On your nightstand now:
Crackpot Palace by Jeffrey Ford. This is a collection of short stories by one of my favourite American writers. I think it's the fourth collection of his I've read. His work is stuffed full of ideas, humour, invention and inspiration.
Favorite book when you were a child:
Treasure Island by Robert Louis Stevenson, still the best book ever for children. I was fascinated by Long John Silver. He was a bad guy, but you couldn't help warming to him and you wanted him to get away with his crimes. Stevenson taught you how charmers work their magic. "Jim, you're smart as paint, you are." I think it worked as an antidote to magnificent charmers and has served me well in life. This is what great writing should offer: insight and wisdom.
Your top five authors:
William Faulkner, Charles Dickens, Shirley Jackson, Graham Greene, Charlotte Brontë and 50 others.

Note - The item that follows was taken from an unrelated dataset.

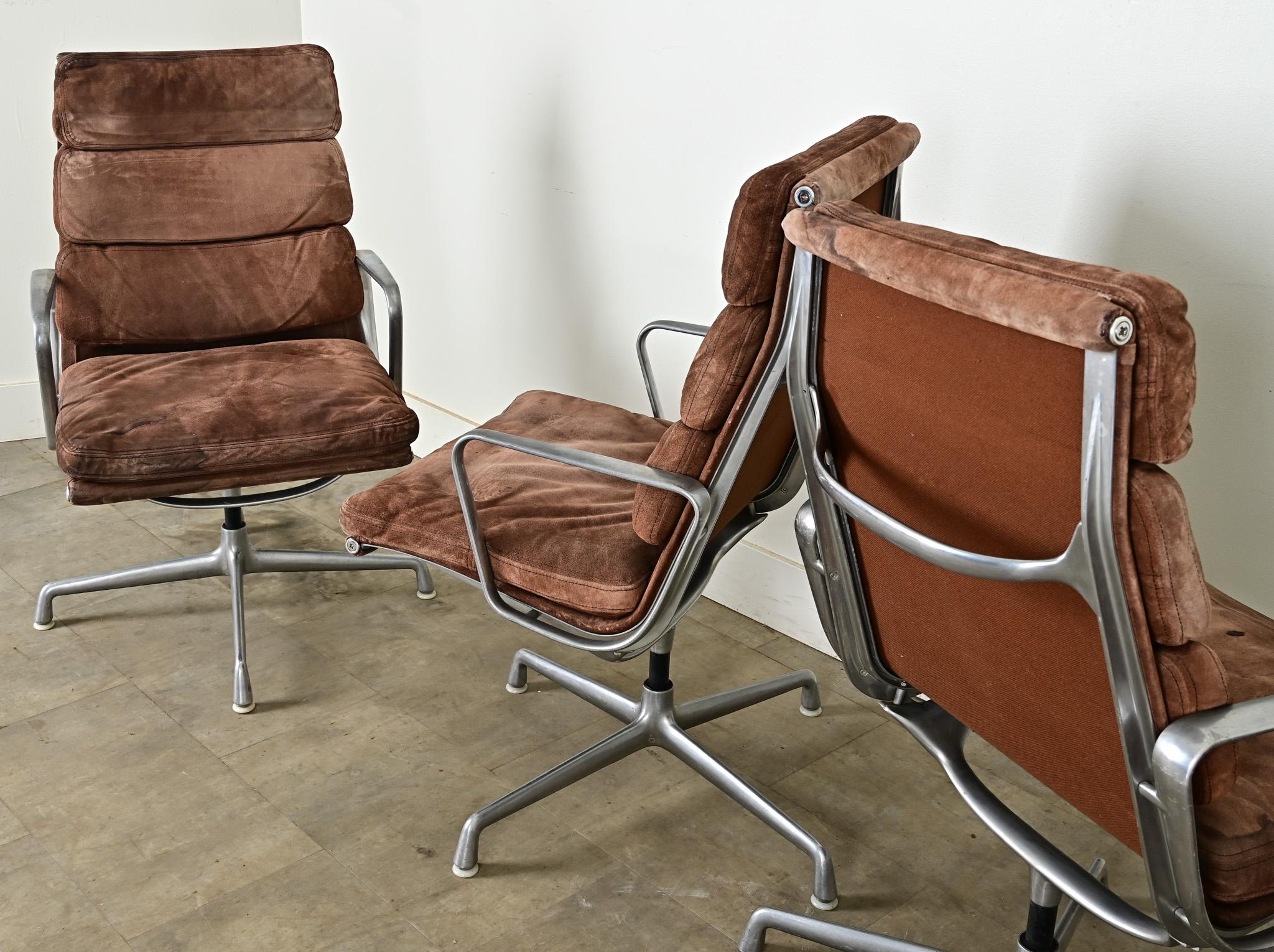 Set di 4 sedie direzionali Eames con pad morbido in vendita 5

Book you've faked reading:
Iron in the Soul by Jean-Paul Sartre. A copy protruded neatly from my blazer hip pocket such that the author's name could be clearly seen. I couldn't get past 10 pages it was so dull, but it was important that other people saw that I was an "existentialist," even though I didn't really know what an existentialist was.
Book you've bought for the cover:
Journey to the East by Herman Hesse, protruded neatly from the other hip pocket.
Book you're an evangelist for:
Of Mice and Men by John Steinbeck. Recently, here in the U.K., a cabinet minister has banned Of Mice and Men from the school curriculum, where it has been massively popular with teachers. The minister says he wants "more British literature" in schools. Idiot. Literature in the same language knows no borders. Steinbeck is a giant who wrote an extraordinary book that seems simple at first glance but which has no bottom.
Book that changed your life:
Would be nice and self-serving to say Chekhov or Proust or someone posh, but it wouldn't be true. The work that changed my life and made me want to write was written by a boy on the school bus. I was 15. This lad in the grade above me was waving a sheaf of poems around, and he seemed happy for anyone to take a look. I grabbed them, ready to mock. They were damned good. I thought, "If he's at the same school as me, and on the same bus as me, then maybe I could write, too." So this one is for Gordon, the unpublished boy on the bus.
Favorite line from a book:
That would have to be from Anthony Burgess in his novel Earthly Powers: "It was the afternoon of my eighty-first birthday, and I was in bed with my catamite when Ali announced that the archbishop had come to see me."
Which character you most relate to:
Wilbur Larch, the doctor from The Cider House Rules by John Irving. He was the founder of an orphanage, a deeply compassionate but flawed man.
Book you most want to read again for the first time:
Travels with My Aunt by Graham Greene. Greene had this notion that he could divide his books between "serious" and "entertainments." This book confirms that his "entertainments" are just as good if not better than his serious stuff. It's a riot.
Book you wish you had written:
The Name of the Rose by Umberto Eco. A perfect integration of so-called "genre" and "literary" values. It's a masterpiece.